A comparison of triple-therapy with double-therapy immunosuppression in cadaveric renal transplantation.

Journal: Transplantation
Published:
Abstract

Triple-therapy (low-dose cyclosporine-azathioprine-prednisone) immunosuppression regimen was compared with double-therapy (cyclosporine-prednisone) in 91 consecutive nonrandomized adult cadaveric renal transplant recipients. Both groups were comparable with respect to ethnic diversity, prior transplants, and diabetes. The majority of patients with delayed function (ATN) were maintained on triple therapy, and the use of antilymphocyte agents was more common in the triple-therapy group (52% vs. 7%; P = 0.0001). Triple-therapy patients experienced increased acute rejection episodes (1.4 vs. 0.8 per patient, P = 0.03), required more courses of additional steroid pulse therapy (4.3 vs. 1.6 per patient; P = 0.001), and developed serious infections more frequently (37% vs. 15%; P = 0.05), especially CMV infections (17% vs. 0; P = 0.03), compared with double-therapy patients.

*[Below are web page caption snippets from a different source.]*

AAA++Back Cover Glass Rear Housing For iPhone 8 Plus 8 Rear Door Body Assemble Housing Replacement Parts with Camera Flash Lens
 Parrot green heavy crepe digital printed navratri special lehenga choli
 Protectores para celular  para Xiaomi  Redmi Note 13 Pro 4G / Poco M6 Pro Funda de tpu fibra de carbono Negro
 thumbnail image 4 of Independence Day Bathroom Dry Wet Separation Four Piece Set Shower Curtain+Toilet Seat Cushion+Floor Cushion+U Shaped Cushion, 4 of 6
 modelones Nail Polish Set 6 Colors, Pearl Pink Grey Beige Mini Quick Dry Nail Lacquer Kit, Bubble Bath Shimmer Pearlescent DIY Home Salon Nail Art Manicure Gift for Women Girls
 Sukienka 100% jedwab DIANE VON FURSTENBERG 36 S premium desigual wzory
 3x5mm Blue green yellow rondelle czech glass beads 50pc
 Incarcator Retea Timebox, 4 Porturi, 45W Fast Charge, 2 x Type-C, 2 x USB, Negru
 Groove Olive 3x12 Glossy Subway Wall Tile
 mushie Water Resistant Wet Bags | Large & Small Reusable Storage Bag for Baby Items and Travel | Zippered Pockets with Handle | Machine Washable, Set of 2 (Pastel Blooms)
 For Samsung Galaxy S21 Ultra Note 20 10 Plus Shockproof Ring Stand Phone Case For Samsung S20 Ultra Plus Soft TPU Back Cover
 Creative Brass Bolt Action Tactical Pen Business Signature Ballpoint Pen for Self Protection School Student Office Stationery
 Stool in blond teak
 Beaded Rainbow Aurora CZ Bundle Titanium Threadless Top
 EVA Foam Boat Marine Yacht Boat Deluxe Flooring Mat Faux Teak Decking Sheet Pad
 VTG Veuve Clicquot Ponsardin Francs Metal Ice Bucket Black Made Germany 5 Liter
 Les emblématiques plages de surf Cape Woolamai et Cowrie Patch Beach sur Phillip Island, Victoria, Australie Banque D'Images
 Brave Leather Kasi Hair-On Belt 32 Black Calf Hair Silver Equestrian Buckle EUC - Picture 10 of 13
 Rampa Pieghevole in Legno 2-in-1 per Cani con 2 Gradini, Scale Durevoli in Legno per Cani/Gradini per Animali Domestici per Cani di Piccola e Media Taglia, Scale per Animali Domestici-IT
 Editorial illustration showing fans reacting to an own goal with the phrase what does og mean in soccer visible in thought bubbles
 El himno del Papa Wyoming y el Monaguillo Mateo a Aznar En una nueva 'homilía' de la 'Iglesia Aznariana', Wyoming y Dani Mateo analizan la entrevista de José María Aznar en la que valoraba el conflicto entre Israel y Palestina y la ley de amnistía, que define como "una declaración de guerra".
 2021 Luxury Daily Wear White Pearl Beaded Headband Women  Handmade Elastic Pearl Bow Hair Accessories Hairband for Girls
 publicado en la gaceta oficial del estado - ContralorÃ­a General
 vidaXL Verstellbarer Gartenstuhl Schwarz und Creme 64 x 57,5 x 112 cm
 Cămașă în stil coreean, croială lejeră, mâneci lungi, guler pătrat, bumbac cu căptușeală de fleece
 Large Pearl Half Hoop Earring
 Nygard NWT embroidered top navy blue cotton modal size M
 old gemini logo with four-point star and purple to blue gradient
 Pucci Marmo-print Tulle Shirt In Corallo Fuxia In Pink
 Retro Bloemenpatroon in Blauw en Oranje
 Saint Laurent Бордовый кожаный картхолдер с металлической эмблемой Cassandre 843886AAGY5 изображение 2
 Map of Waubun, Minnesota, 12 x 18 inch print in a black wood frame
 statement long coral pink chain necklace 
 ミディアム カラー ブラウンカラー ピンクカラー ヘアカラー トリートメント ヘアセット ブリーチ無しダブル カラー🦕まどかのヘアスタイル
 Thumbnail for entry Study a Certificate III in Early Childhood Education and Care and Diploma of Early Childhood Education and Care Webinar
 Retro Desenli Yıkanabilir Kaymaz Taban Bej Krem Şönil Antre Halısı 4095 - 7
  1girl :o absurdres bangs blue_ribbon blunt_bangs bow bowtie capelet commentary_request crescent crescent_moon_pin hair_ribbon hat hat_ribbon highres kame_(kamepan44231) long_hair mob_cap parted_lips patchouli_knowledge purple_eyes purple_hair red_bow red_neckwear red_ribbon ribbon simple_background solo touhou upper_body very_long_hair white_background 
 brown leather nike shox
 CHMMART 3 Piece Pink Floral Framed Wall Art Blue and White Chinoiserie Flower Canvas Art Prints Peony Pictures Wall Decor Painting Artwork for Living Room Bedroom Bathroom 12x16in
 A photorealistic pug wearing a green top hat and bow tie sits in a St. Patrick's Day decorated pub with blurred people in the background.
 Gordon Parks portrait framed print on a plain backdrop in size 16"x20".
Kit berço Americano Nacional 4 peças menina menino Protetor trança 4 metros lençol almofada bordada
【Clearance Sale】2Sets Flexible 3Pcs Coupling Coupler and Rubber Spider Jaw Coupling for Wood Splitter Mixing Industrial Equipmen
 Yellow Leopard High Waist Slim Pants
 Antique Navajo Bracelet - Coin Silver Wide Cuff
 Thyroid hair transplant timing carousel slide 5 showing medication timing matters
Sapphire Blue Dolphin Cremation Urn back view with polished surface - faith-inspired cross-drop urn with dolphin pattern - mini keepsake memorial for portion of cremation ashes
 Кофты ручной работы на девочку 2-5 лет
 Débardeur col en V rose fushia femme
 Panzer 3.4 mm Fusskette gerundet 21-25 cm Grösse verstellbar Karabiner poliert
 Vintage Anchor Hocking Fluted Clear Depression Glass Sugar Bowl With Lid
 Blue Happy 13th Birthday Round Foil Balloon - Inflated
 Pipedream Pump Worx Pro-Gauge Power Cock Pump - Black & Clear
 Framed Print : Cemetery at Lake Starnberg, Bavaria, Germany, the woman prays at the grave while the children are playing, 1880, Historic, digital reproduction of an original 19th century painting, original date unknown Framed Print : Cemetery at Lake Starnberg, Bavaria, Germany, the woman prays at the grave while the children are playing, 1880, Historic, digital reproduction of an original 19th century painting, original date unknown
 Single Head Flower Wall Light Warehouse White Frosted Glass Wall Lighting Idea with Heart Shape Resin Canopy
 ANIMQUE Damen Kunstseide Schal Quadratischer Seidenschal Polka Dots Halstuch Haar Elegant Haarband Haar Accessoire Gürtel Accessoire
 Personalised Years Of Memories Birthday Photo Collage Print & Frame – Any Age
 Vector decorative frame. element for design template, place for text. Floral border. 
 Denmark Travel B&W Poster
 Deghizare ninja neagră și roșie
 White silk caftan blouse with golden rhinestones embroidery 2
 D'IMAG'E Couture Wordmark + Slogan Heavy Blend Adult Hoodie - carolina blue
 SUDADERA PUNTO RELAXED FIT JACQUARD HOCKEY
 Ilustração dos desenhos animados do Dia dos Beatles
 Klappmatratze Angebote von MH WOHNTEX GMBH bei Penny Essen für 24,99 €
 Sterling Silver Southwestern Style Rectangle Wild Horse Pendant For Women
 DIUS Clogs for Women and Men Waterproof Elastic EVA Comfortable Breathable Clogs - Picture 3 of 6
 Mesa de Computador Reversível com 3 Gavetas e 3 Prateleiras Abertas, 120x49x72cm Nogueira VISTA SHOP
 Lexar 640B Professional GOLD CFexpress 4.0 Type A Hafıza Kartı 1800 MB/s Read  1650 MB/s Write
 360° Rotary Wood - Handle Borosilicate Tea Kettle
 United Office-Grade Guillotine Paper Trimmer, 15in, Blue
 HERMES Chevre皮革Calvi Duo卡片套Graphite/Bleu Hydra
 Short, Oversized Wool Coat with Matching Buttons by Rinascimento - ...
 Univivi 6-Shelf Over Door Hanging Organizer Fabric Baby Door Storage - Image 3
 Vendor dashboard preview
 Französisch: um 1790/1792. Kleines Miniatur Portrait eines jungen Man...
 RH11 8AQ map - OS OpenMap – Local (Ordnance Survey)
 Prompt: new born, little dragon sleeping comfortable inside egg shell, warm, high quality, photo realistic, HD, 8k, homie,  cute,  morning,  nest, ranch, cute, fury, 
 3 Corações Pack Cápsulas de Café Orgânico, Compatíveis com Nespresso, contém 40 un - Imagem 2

However, the increased overall infection rate and CMV infection rate were observed only in those patients who received antilymphocyte agents compared with those who did not (46% vs. 21%; P = 0.02 for all infections, 26% vs. 4%; P = 0.006 for CMV). Additional steroid pulse therapy was associated with increased CMV infections (24% vs. 0; P = 0.03) but not with overall infections. One-year allograft and patient survival were equivalent in both groups. Exclusion of ATN patients from analysis did not alter the findings. This experience confirms the overall efficacy of triple-therapy immunosuppression in renal transplant recipients but suggests that triple therapy may be associated with more acute rejection episodes, greater immunosuppression requirements, and a resultant increase in infections, especially CMV.